Yesterday, Ophelia and I went to the Isabella Stewart Gardner Museum. The Gardener Museum was once the house of Isabella Stewart Gardner, a wealthy woman in the late nineteenth century. After the death of her husband, she turned to collecting; eventually, after her death, she left her house and collection as a museum, with the proviso that it not be altered. And it generally hasn’t been. The collection itself is interesting and idiosyncratic: it looks a bit as though she traveled through Europe picking up whatever struck her fancy, and what struck her fancy were often quite beautiful things. I told Ophelia that we were going to visit a castle, and the museum does rather look like a castle on the inside. This is the central courtyard:
I think I go to museums with Ophelia so often because I was taken to museums so often as a child. And not just museums: we were always going to ballets, operas, plays, concerts. (I was usually bored at the concerts.) Without thinking about it too much, my mother was steeping us in culture — I say without thinking about it too much because it was the way she herself had grown up. You did not necessarily have money — my family lost all its property after the war, and was only compensated for it after the fall of the communist regime — but you could always have culture. You could always know music and art. Where I grew up, in Washington D.C., most of the museums are free, so we would go in whenever we wanted, and often on weekends I would simply wander around the National Galleries or the Hirshhorn. Museums still feel like home to me: I feel perfectly at ease in them, as some people do in churches. I love to wander around and then sit in the café (there is always a café) with a cappuccino, reading or writing.
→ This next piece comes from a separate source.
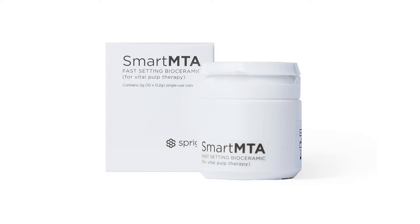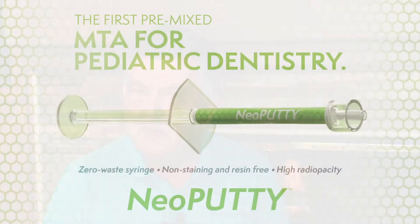But the clinical use of MTA has gotten a whole lot easier. Neoputty is a new MTA material from NuSmile which eliminates the mixing of MTA and also helps eliminate a lot of waste.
At the Gardner Museum, I took Ophelia to the café, which was terribly overpriced. But I suppose that’s part of the experience I’m giving her — I want her to feel comfortable in museums, and know how to behave in cafés and restaurants. (She’s eight, so I’m in the midst of that — trying to make sure she knows how to behave appropriately in public, knows the codes. Because living in society means knowing and negotiating a set of codes, doesn’t it? And I want her to know it, so that if she later wants to break the rules, she’ll know what they are and how to break them. You have to know a system if you want to rebel against it.) Today we are working on how to dress for an evening at the theater, because we’re going to Boston Ballet’s new Nutcracker at the Opera House. (I wanted to write this blog post before it was time for me to get dressed.)
I got something very special out of going to museums as a child, something I think most children don’t get. It seems to be reserved for an elite, although it shouldn’t be. (I was certainly not part of a social elite, as a child. Except perhaps educationally.) It’s the sense that human culture belongs to me, and I belong to it. That I participate in it. Picasso and Matisse are not intimidating. They are brothers in arms, and we are all trying to create something, to produce art of various sorts. Of course, some parts of that culture belong to me more than others, simply because of my own cultural heritage, and I would be wary of using material from non-European cultures. I would use it, but with more care. Nevertheless, there’s a sense, not so much of ownership, but of participation.
That matters to me deeply in my own art, and it’s something I want Ophelia to have as well.
Good for you for taking your daughter to museums. I remember well all the museums my parents took me to as a child. The art I saw in them inspired me even at a young age and shaped my thoughts and ambitions. It’s wonderful how many free opportunities there are to educate and inspire our children if we will only take the time and effort to do so.